| DIRECTIONS |
The records below need to be printed in full. Keep each one exact.

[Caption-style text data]
■ ■ ■
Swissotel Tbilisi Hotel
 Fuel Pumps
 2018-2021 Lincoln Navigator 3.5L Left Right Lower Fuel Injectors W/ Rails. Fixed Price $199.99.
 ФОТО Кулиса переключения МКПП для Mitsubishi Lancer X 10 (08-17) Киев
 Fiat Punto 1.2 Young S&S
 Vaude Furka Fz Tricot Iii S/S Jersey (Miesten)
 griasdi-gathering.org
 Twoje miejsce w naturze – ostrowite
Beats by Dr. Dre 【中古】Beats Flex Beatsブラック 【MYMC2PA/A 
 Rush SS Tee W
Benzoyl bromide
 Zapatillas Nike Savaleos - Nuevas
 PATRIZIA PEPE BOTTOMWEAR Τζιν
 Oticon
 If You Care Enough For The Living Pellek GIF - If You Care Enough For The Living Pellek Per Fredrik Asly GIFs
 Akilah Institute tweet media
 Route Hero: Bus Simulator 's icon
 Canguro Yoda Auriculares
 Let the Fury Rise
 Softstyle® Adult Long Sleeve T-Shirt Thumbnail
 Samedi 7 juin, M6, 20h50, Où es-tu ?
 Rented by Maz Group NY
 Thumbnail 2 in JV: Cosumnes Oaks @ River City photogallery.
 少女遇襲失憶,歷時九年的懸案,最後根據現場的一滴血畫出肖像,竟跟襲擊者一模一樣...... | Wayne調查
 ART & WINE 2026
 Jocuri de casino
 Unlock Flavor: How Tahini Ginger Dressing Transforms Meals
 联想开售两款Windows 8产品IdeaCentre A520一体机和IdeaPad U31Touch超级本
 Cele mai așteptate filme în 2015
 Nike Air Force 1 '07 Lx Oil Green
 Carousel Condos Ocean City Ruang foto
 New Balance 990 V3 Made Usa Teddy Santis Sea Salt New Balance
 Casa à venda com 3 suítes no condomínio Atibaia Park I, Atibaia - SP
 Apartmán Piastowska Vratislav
■ ■ ■
| EXERCISE ANSWER |
Swissotel Tbilisi Hotel
 Fuel Pumps
 2018-2021 Lincoln Navigator 3.5L Left Right Lower Fuel Injectors W/ Rails. Fixed Price $199.99.
 ФОТО Кулиса переключения МКПП для Mitsubishi Lancer X 10 (08-17) Киев
 Fiat Punto 1.2 Young S&S
 Vaude Furka Fz Tricot Iii S/S Jersey (Miesten)
 griasdi-gathering.org
 Twoje miejsce w naturze – ostrowite
Beats by Dr. Dre 【中古】Beats Flex Beatsブラック 【MYMC2PA/A 
 Rush SS Tee W
Benzoyl bromide
 Zapatillas Nike Savaleos - Nuevas
 PATRIZIA PEPE BOTTOMWEAR Τζιν
 Oticon
 If You Care Enough For The Living Pellek GIF - If You Care Enough For The Living Pellek Per Fredrik Asly GIFs
 Akilah Institute tweet media
 Route Hero: Bus Simulator 's icon
 Canguro Yoda Auriculares
 Let the Fury Rise
 Softstyle® Adult Long Sleeve T-Shirt Thumbnail
 Samedi 7 juin, M6, 20h50, Où es-tu ?
 Rented by Maz Group NY
 Thumbnail 2 in JV: Cosumnes Oaks @ River City photogallery.
 少女遇襲失憶,歷時九年的懸案,最後根據現場的一滴血畫出肖像,竟跟襲擊者一模一樣...... | Wayne調查
 ART & WINE 2026
 Jocuri de casino
 Unlock Flavor: How Tahini Ginger Dressing Transforms Meals
 联想开售两款Windows 8产品IdeaCentre A520一体机和IdeaPad U31Touch超级本
 Cele mai așteptate filme în 2015
 Nike Air Force 1 '07 Lx Oil Green
 Carousel Condos Ocean City Ruang foto
 New Balance 990 V3 Made Usa Teddy Santis Sea Salt New Balance
 Casa à venda com 3 suítes no condomínio Atibaia Park I, Atibaia - SP
 Apartmán Piastowska Vratislav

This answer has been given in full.